Succinylation and inactivation of 3-hydroxy-3-methylglutaryl-CoA synthase by succinyl-CoA and its possible relevance to the control of ketogenesis.

作者信息

Lowe D M, Tubbs P K

出版信息

Biochem J. 1985 Nov 15;232(1):37-42. doi: 10.1042/bj2320037.

Abstract

Succinyl-CoA (3-carboxypropionyl-CoA) inactivates ox liver mitochondrial 3-hydroxy-3-methylglutaryl-CoA synthase (EC 4.1.3.5) in a time-dependent manner, which is partially prevented by the presence of substrates of the enzyme. The inactivation is due to the enzyme catalysing its own succinylation. Complete inactivation corresponds to about 0.5 mol of succinyl group bound/mol of enzyme dimer.

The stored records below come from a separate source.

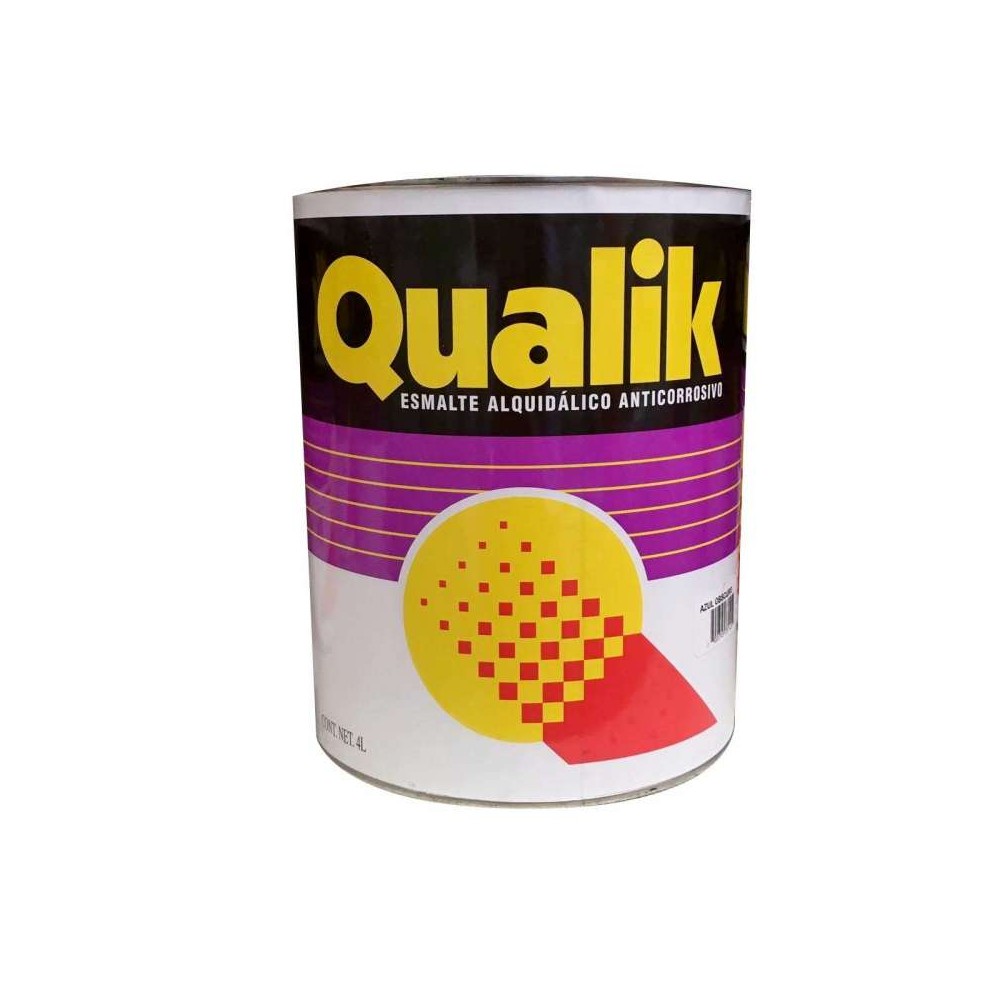 PINTURA ESMALTE QUALIK BEREL BLANCA 4L No. 7323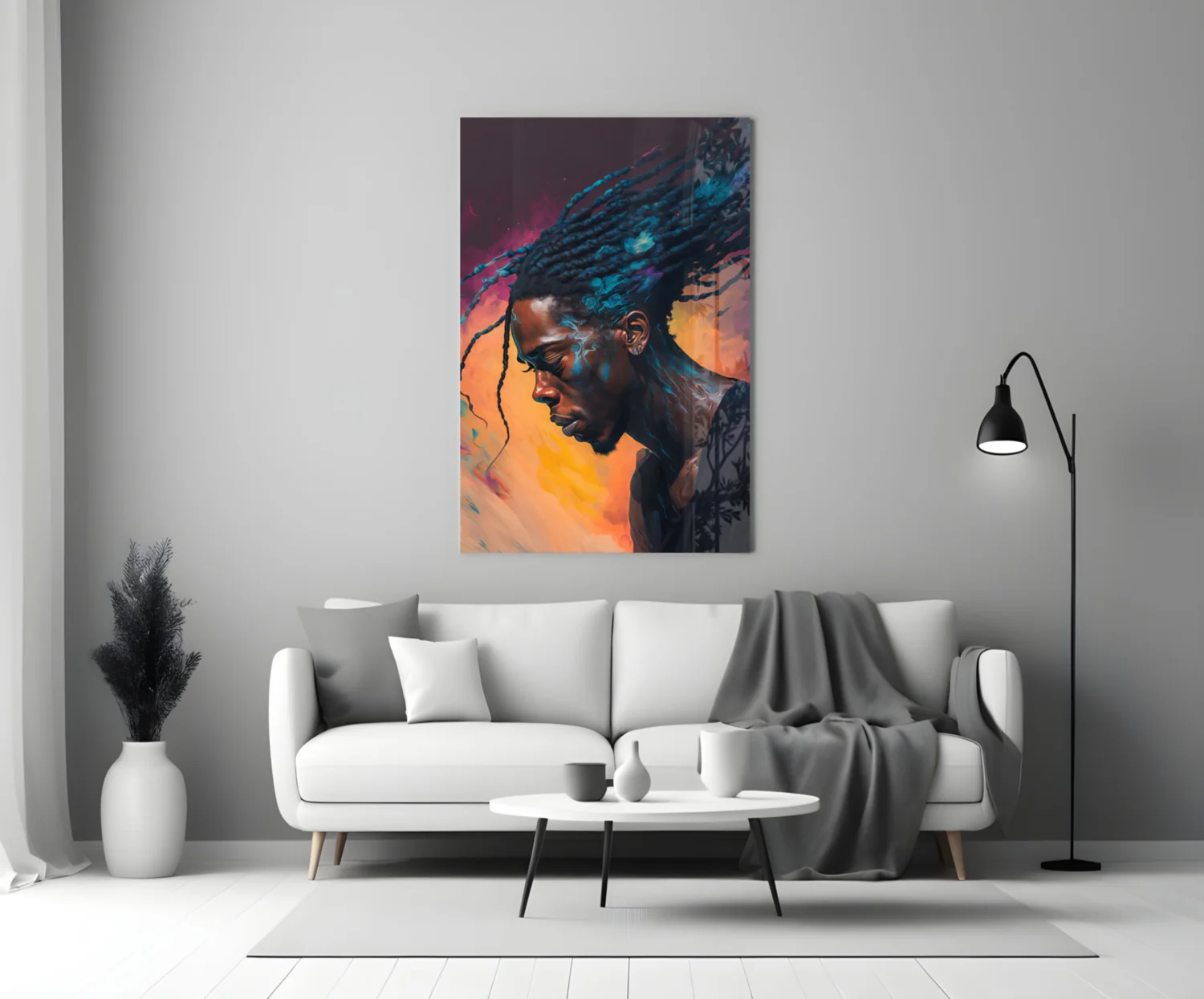 R&B Crooner Portrait Glass Wall Art  || Designer Collection - Image 4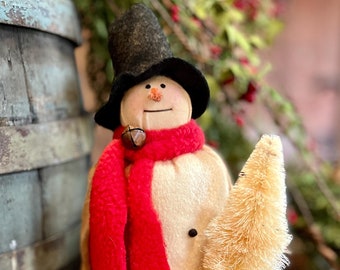Handmade Sammy Snowman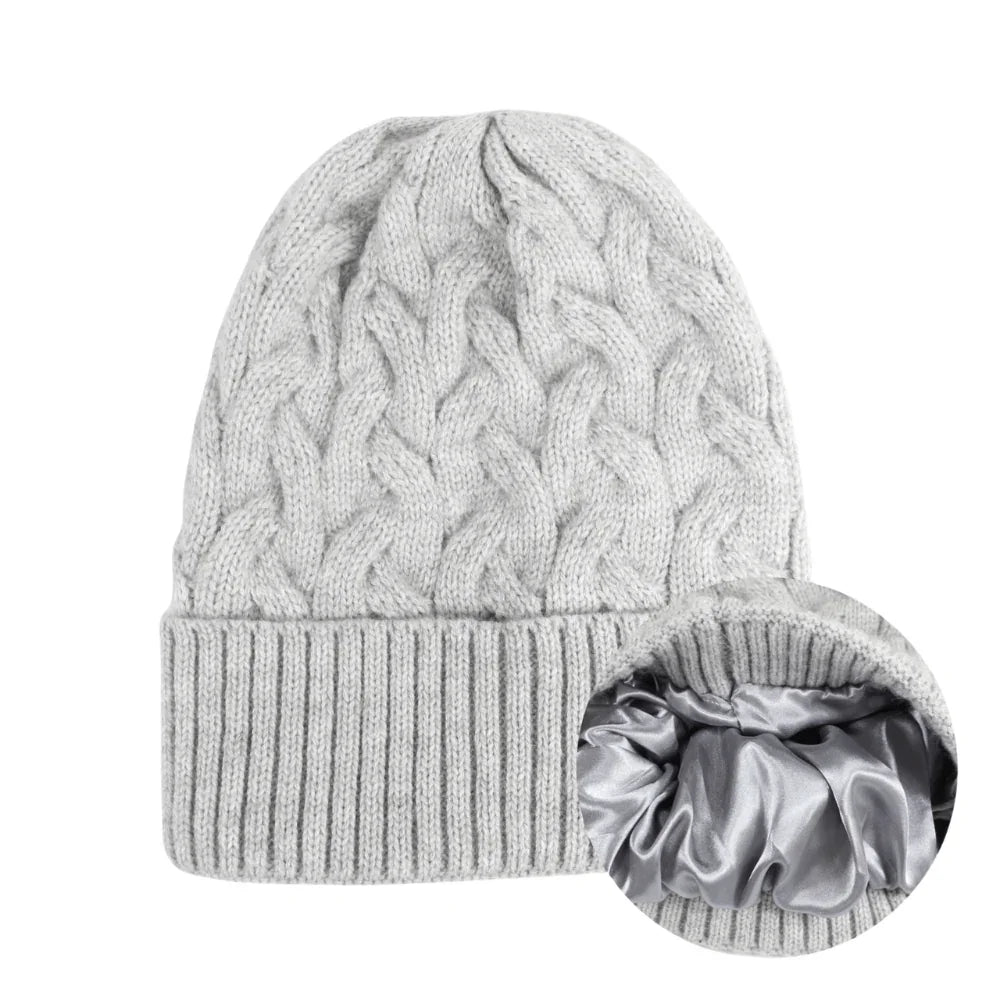 ALVA – Silkesfodrad mössa (Specialpris) - SilkyHair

The succinyl-enzyme linkage appears to be a thioester bond and is probably formed with the active-site cysteine residue that is normally acetylated by acetyl-CoA. Succinyl-CoA binds to 3-hydroxy-3-methylglutaryl-CoA synthase with a binding constant of 340 microM and succinylation occurs with a rate constant of 0.57 min-1. Succinyl-enzyme breaks down with a half-life of about 40 min (k = 0.017 min-1) at 30 degrees C and pH 7 and is destabilized by the presence of acetyl-CoA and succinyl-CoA. A control mechanism is postulated in which flux through the 3-hydroxy-3-methylglutaryl-CoA cycle of ketogenesis is regulated according to the extent of succinylation of 3-hydroxy-3-methylglutaryl-CoA synthase.

摘要

琥珀酰辅酶A(3-羧基丙酰辅酶A)以时间依赖性方式使牛肝线粒体3-羟基-3-甲基戊二酰辅酶A合酶(EC 4.1.3.5)失活,该酶的底物存在时可部分阻止这种失活。失活是由于该酶催化自身的琥珀酰化作用。完全失活对应于每摩尔酶二聚体结合约0.5摩尔琥珀酰基团。琥珀酰化酶的连接似乎是硫酯键,可能是与通常被乙酰辅酶A乙酰化的活性位点半胱氨酸残基形成的。琥珀酰辅酶A以340微摩尔的结合常数与3-羟基-3-甲基戊二酰辅酶A合酶结合,琥珀酰化反应的速率常数为0.57分钟-1。琥珀酰化酶在30℃和pH 7时以约40分钟的半衰期分解(k = 0.017分钟-1),并且会因乙酰辅酶A和琥珀酰辅酶A的存在而不稳定。推测存在一种控制机制,其中通过酮体生成的3-羟基-3-甲基戊二酰辅酶A循环的通量根据3-羟基-3-甲基戊二酰辅酶A合酶的琥珀酰化程度进行调节。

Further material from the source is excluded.